CAKE transformer interpretability

Classifications are keyphrase explainable! Exploring local interpretability of transformer models with keyphrase extraction

This GitHub contains the code of the experiments for our paper, and an example on how to easily use it in your pipeline. The github "CAKE Interpretability" contains the code for a preliminary version of CAKE. The trained models used for our experiments can be found here

CAKE Tranformers Interpretability

Classifications are keyphrase explainable! Exploring local interpretability of transformer models with keyphrase extraction

Abstract

Keyphrase extraction is a widely discussed topic in Natural Language Processing, as it offers a concise summary of the main topics in a document. Interpretability is also an important aspect in Machine Learning as it helps prevent socio-ethical issues, such as bias and discrimination against minorities, or mistakes that may have serious consequences. Interpretability has recently gained prominence in the field of Natural Language Processing, where transformers are the dominant architectures.

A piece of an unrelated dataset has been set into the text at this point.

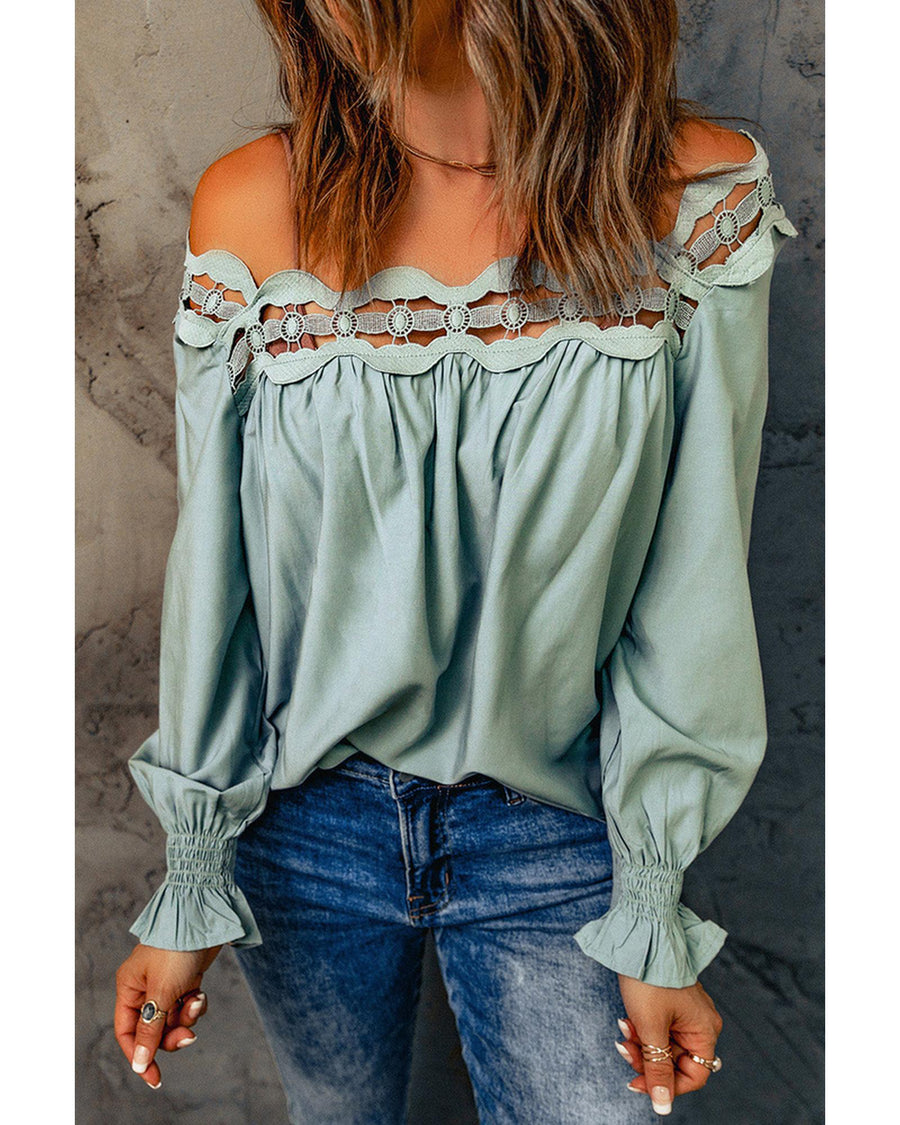 Azura Exchange Hollow-out Scalloped Neck Blouse - L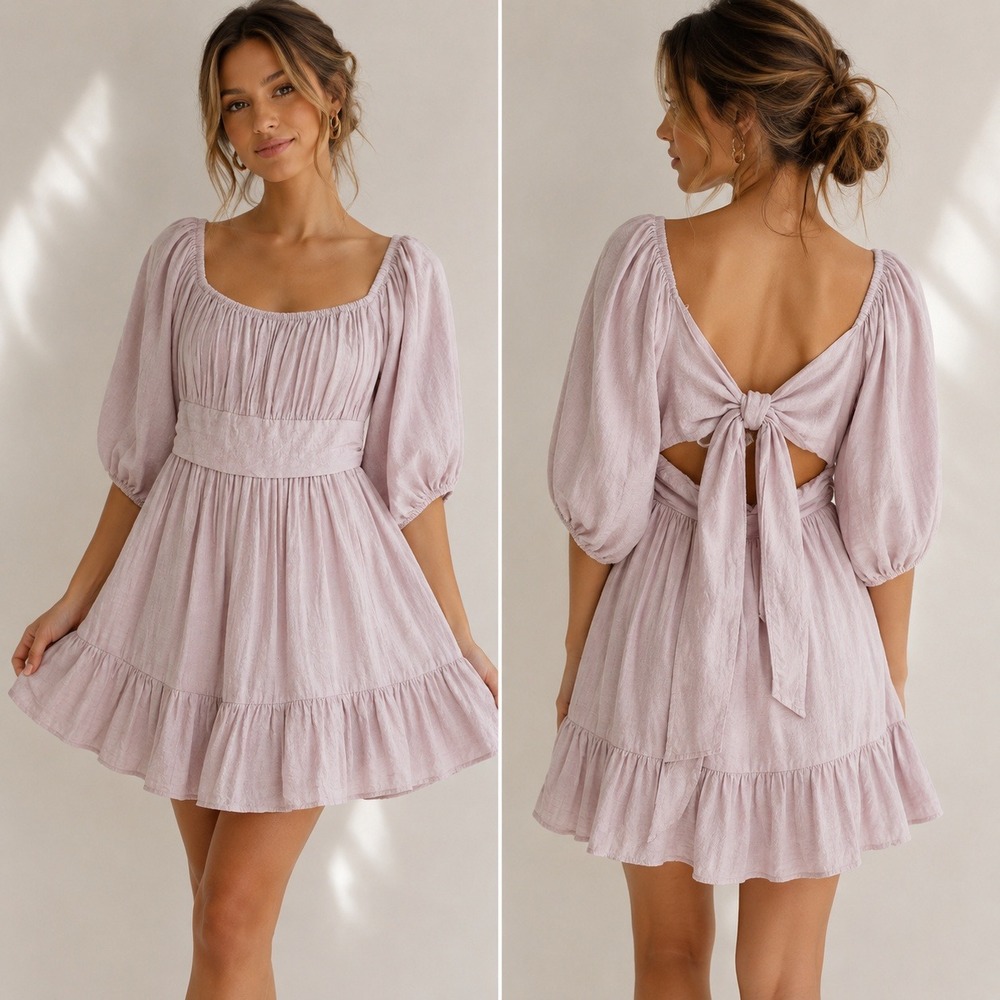 Pink Cottagecore Puff Sleeve Mini Dress Bow Back Fairycore S Excellent‎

The goal of interpretability is to provide interpretations that pinpoint the elements of an instance contributing the most to its decision. In this work, we use keyphrase extraction to facilitate the interpretability process, producing smaller, more concise interpretations that also consider word interactions, as keyphrases usually consist of multiple words. Additionally, our technique is based on semantic similarity, making it faster and zero-shot ready, which is ideal for online learning scenarios. We evaluated the effectiveness of our method through a series of quantitative and qualitative experiments on the well-known BERT model, comparing it against several state-of-the-art competitors.

Logo

Our logo was generated by DALLE-2 given the prompt: "Optimus prime holding a cake, 3D pixel art"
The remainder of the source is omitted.